More significant, the company now consults advocacy groups “any time we’re thinking of doing something that we think might be a concern to a segment of the population,” Shelton said. He would not give specifics, but the American Family Assn. suspended its boycott in March.


“Our success is in our numbers,” said Randy Sharp, the group’s director of special projects. “When they get thousands of calls a day, day after day, companies can’t ignore it.”

Skeptics point out that many companies are ignoring the threat from the right.

Advertiser spending in the gay press was up 28% last year. The number of ads directly aimed at gay consumers more than doubled, according to Prime Access Inc., a New York advertising agency.

Viacom’s new 24-hour TV channel Logo, aimed at the gay market, has dozens of big-name advertisers, including Motorola, Orbitz travel services, Sharper Image, American Express and Anheuser-Busch.


American Girl has not backed off its commitment to Girls Inc. Instead, it issued a statement expressing profound disappointment with the protesters.

“To me, that belies the [claim] that companies are running scared,” said Bob Witeck, who runs a Washington, D.C., communications firm that helps companies handle protests. Conservatives “have a powerful megaphone,” he said. “But most boycott effects are short-lived.”
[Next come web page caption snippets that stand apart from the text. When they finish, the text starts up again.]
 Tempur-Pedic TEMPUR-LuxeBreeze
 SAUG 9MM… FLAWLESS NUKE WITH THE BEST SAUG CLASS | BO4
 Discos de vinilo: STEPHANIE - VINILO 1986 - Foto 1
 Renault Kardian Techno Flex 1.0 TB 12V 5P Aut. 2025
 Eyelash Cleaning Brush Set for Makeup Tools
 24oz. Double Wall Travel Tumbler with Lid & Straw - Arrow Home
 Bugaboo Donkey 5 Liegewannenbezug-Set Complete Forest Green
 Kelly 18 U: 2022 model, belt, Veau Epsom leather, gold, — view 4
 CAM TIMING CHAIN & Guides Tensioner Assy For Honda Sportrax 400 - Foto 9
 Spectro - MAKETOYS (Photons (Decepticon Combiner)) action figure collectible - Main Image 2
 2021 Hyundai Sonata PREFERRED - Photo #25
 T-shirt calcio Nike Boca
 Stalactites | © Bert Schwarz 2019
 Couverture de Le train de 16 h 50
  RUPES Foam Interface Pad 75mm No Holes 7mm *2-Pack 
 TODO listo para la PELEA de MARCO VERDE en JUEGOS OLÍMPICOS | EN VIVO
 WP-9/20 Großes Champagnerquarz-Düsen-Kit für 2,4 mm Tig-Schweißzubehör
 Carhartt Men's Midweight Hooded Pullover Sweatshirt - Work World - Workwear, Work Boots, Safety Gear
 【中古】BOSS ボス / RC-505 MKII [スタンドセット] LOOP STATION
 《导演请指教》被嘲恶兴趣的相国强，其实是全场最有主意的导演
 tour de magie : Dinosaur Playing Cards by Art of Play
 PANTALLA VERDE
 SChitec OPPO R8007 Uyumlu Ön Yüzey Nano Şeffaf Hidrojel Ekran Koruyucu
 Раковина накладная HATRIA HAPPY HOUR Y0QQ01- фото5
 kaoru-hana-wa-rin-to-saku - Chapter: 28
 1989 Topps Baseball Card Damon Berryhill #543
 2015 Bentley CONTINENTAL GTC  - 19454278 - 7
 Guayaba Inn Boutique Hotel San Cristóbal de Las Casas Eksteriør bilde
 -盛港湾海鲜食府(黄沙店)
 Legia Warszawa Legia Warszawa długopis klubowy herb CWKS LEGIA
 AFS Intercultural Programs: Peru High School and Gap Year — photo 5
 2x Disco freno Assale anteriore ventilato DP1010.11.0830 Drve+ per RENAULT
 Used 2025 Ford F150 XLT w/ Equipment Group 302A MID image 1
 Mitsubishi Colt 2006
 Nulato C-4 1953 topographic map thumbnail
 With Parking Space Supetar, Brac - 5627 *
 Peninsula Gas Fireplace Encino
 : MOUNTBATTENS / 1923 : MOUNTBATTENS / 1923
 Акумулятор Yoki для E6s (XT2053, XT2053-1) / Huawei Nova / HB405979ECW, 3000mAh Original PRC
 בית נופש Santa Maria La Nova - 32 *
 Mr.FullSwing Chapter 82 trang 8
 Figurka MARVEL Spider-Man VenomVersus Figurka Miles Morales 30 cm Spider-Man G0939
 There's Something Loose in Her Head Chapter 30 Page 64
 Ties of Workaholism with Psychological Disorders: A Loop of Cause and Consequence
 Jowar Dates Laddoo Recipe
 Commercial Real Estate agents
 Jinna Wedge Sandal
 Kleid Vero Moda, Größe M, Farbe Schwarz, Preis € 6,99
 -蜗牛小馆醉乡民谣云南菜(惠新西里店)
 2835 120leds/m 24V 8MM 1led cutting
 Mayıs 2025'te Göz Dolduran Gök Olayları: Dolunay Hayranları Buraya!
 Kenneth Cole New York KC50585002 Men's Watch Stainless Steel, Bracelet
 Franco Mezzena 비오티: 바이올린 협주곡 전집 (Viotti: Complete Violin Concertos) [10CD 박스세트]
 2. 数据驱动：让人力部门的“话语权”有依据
Activist Doug Scott agrees that many boycotts are ineffective, and that frustrates him.

Scott tracks corporations that donate to Planned Parenthood and puts out an annual list of their products, which he believes consumers opposed to abortion should avoid. But he says he calls a boycott only after giving a company every chance to cut ties with Planned Parenthood.


“A boycott should be a last resort. You need to do it intelligently or you look weak,” said Scott, president of Life Decisions International, an antiabortion group. “Too often now, it’s being used willy-nilly.”

He calls the pending boycott of American Girl premature. But it’s already gaining momentum.

The doll maker, a Mattel subsidiary, gives money to hundreds of causes, including children’s hospitals and Girl Scout troops, Junior Leagues and public libraries. Critics, however, have seized on American Girl’s yearlong partnership with Girls Inc. -- a nonprofit that offers educational programs for girls, including information about abortion and homosexuality.

American Girl has donated $50,000 to the group and is raising additional funds by selling star-spangled bracelets.


That infuriates Judy Cross, 61, a longtime customer who always thought of American Girl as a wholesome brand that promoted character and moral values.

“American Girl should not be political, and this is political,” said Cross, who lives in Fort Worth.

She and her husband have spent thousands of dollars on dolls for their seven granddaughters, she said. This holiday season, they will shop elsewhere. “We’re not buying from American Girl. Absolutely not.”

Raising similar concerns, a co-ed Catholic school in Brookfield, Wis., canceled a fundraiser that was to have featured an American Girl fashion show. “It makes me heartsick. I love American Girl,” said Ann Scheidler, executive director of the Pro-Life Action League.


“But we have to teach them a lesson.”